The Global Fund for Women’s mission is to be a global champion for the human rights of women and girls.  They use their powerful networks to find, fund, and amplify the courageous work of women who are building social movements and challenging the status quo.  By shining a spotlight on critical issues, they rally communities of advocates who take action and invest money to empower women (Global Fund for Women).

To achieve this mission and vision, the Global Fund for Women provides funds to organizations that address key women’s issues including violence against women, economic and environmental justice, women’s health, women’s civic and political participation, access to education for girls, and social change (Global Fund for Women).

In 2015, the Global Fund for Women awarded $6,958,217.73 in grants in 82 countries for efforts pertaining to freedom from violence, sexual and reproductive health and rights, and economic and political equality.  Their work benefited 774,434 individuals including 180,005 girls and 6,265 trans* youth and adults.  Their work resulted in 17 new laws and policies which include pregnant girls now allowed to attend school, increased minimum wage for factory workers, and civil unions for same sex couples.  Their work was implemented through 495 grants (Global Fund for Women).

It is important to note that the Global Fund for Women does not give grants to individuals or organizations in the United States.  Instead, it funds organizations in developing countries in order to help them grow and meet the needs of women in their communities (ibid.).  The Global Fund for Women feels that because financial resources for women’s programs are more available in the United States than they are in developing countries, and because resources can stretch a lot farther in the developing world than in North America, that they should focus their programs in this way. 

It is also important to note that in addition to being a grantmaking foundation, the Global Fund for Women is an international network of men and women who are committed to women’s rights.  For example, the Global Fund for Women provides newsletters and other resources about women’s issues to its supporters, and sponsors learning events about gender issues (Katz 2004). 

The Global Fund for Women functions as a non-endowment charity.  This means that rather than dispersing interest from an endowment fund to make grants, the Global Fund for Women relies on the contributions of individuals, foundations, and corporations to meet its annual budget (Women’s International Network 2000).  This support comes from a variety of sources including the Bill and Melinda Gates Foundation and the John D. and Catherine T. MacArthur Foundation (Global Fund for Women). 


Historic Roots

The Global Fund for Women was founded in 1987 in Palo Alto, California by Anne Firth Murray, Frances Kissling, and Laura Lederer.  These three women recognized that women around the world lacked basic human rights.  They also realized that women lacked access to the resources that could change their situations.  Murray, Kissling, and Lederer believed that these factors were a key cause for female poverty, and that by investing in women they could make a significant positive impact (ibid.).

Bill Hewlett, David Packard, Esther Hewlett, and Walter Hewlett were early investors in the Global Fund for Women.  They believed in the ideals that Murray, Kissling, and Lederer expressed, even if the initial plans for the global fund were small.  These early investors provided seed capital to get the fund started while Murray, Kissling, and Lederer provided the oversight and staff time.
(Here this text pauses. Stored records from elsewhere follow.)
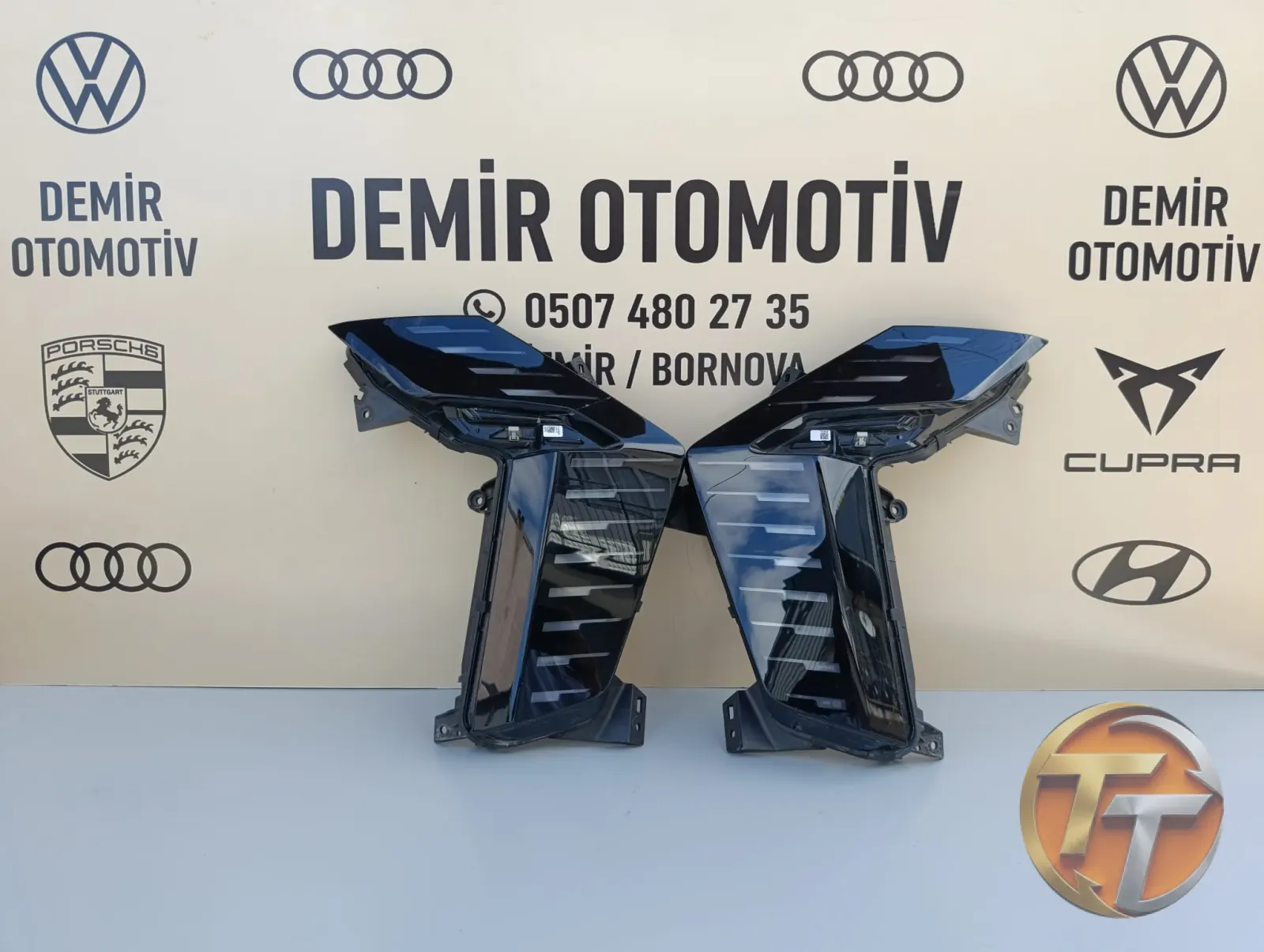 RENAULT CLİO 5.5 SAĞ SOL GÜNDÜZ LEDİ ORJİNAL ÇIKMA 2023-2025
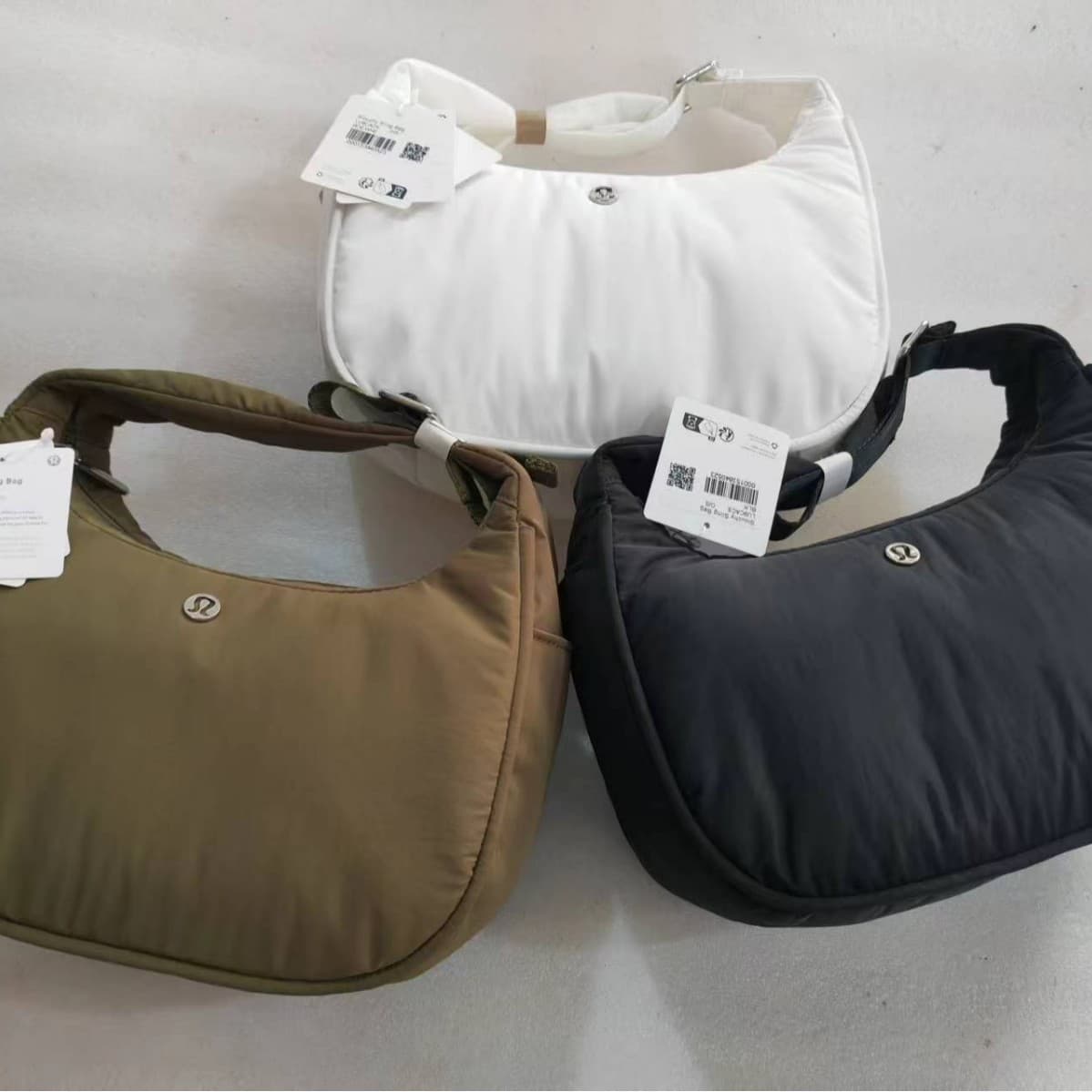 lululemon bag, Lulu bag, yoga bag, sports bag, handbag, dumpling bag, women's bag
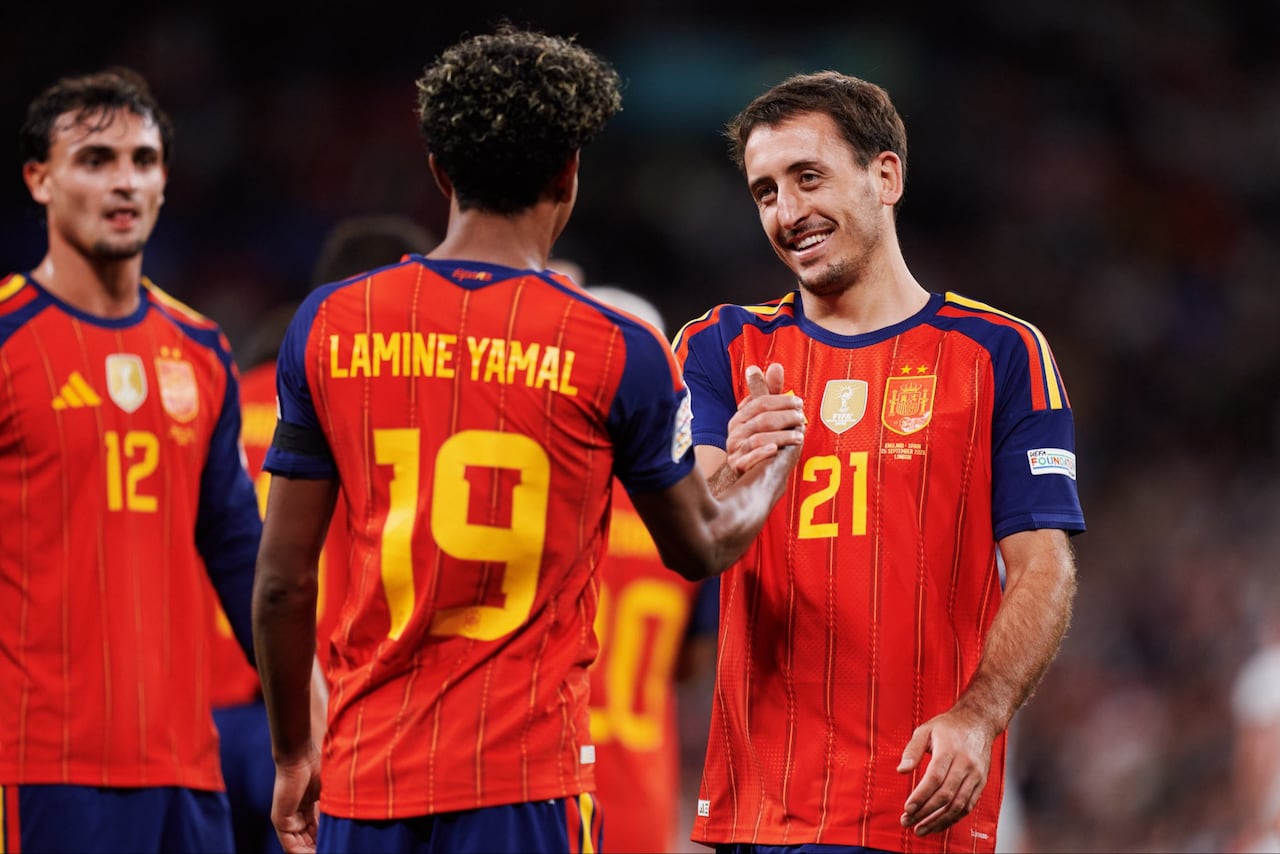 Lamine Yamal (19) y Mikel Oyarzabal (21) celebran uno de los goles de España ante Inglaterra.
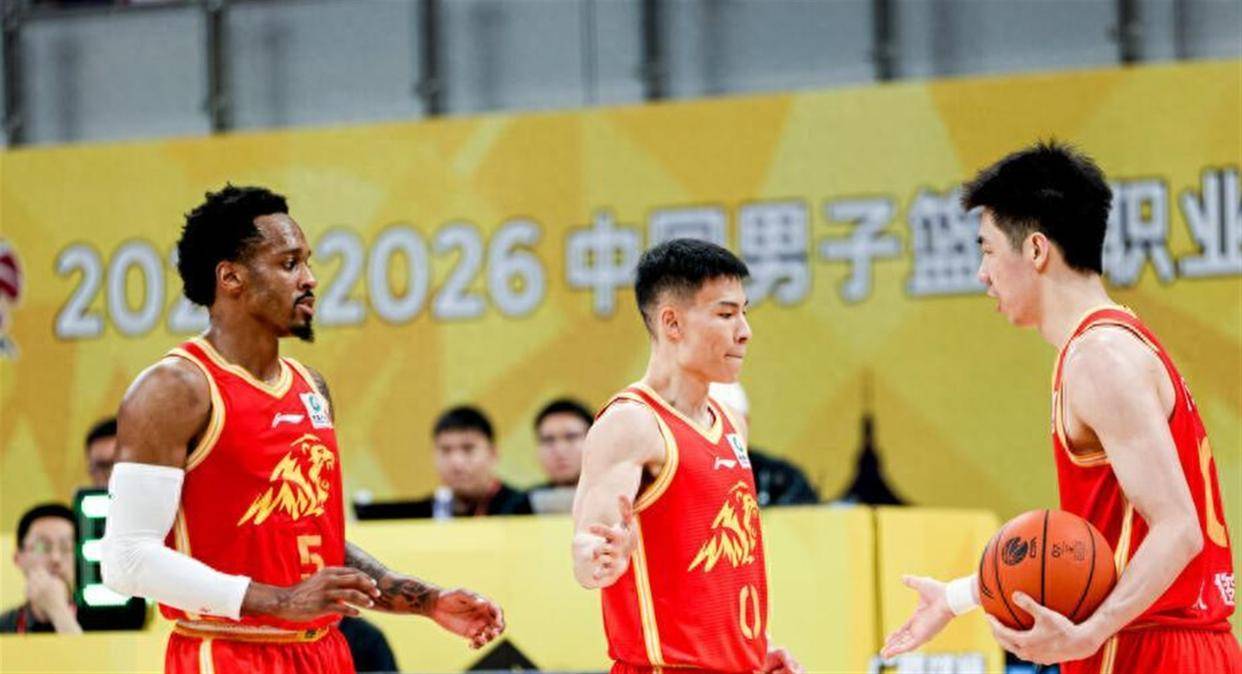 关于今晚广厦男篮备战德国杯清晨国王杯传出新动向,现场解说直呼:今夜曼联备战欧联的信息米兰体育app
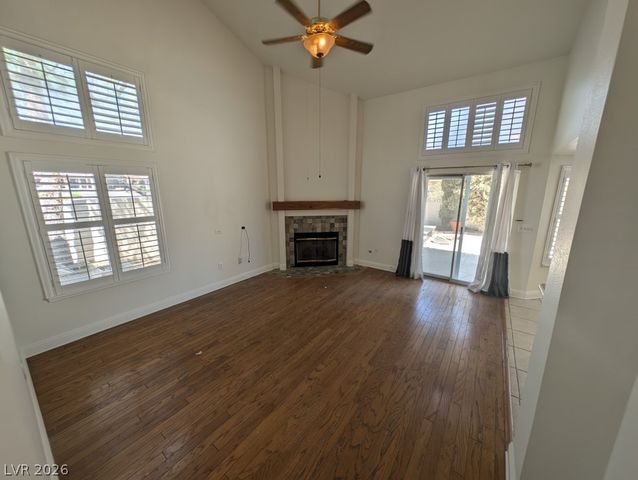 8432 Airmont Court, Las Vegas, NV 89128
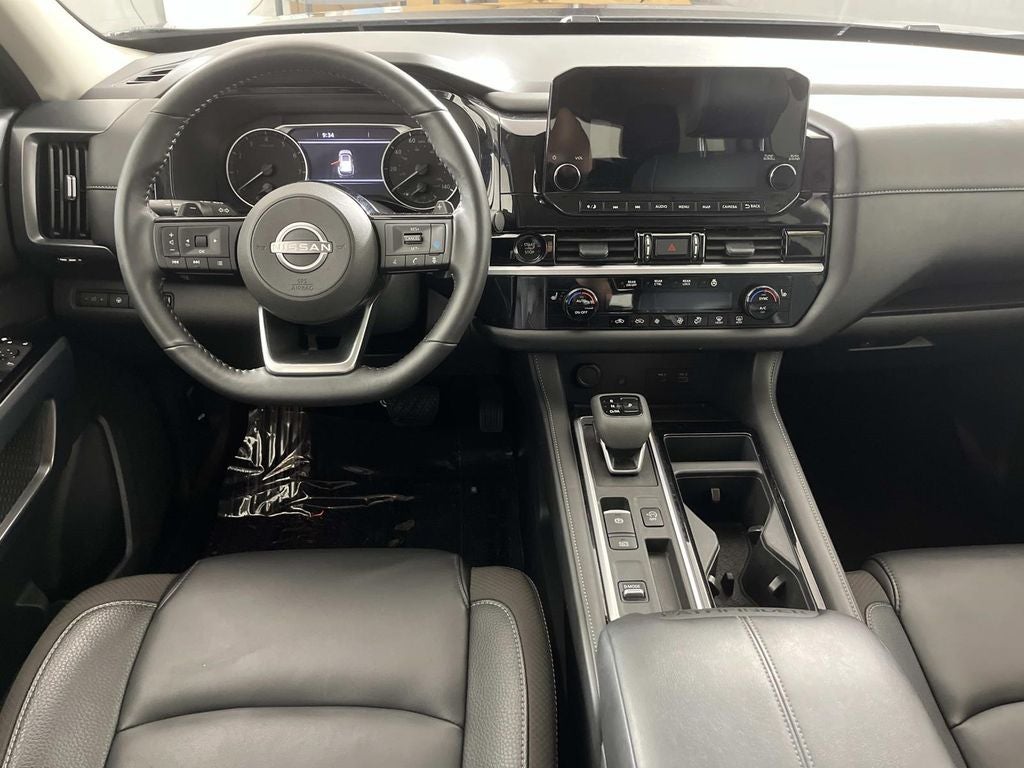 2025 Nissan Pathfinder SL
In their first year, the Global Fund for Women provided eight grants, totaling $34,000, to women’s groups in different parts of the world (Ramdas 2003).

Today, the Global Fund for Women is governed by 15 board members and managed by 29 staff.  It receives roughly 2,700 grant proposals each year from organizations around the world.  The staff of the Global Fund for Women work with an advisory council to select about 400 of the proposal ideas for funding.  The grants are usually between $500 and $20,000 and are intended to be spent within one year.  Current and former grantees also play a role in referring and recommending new organizations and programs for funding (ibid.).



The Global Fund for Women provides support to human rights organizations who are working specifically to improve women’s quality of life.  This meets an important need around the world. 

Of the world’s 774 million illiterate adults, 2/3 are women. The share of illiterate women has not changed for the past 20 years. Among the world’s 123 million illiterate youth, 76 million are female. These gender disparities remain persistent, with little change over time (UNESCO, 2014).

The Global Fund for Women seeks to challenge these realities by providing financial resources to women’s human rights organizations. As a result of the Global Fund’s investments, women around the world have worked together to fight violence, promote women’s leadership, and advocate for their rights (Global Fund for Women).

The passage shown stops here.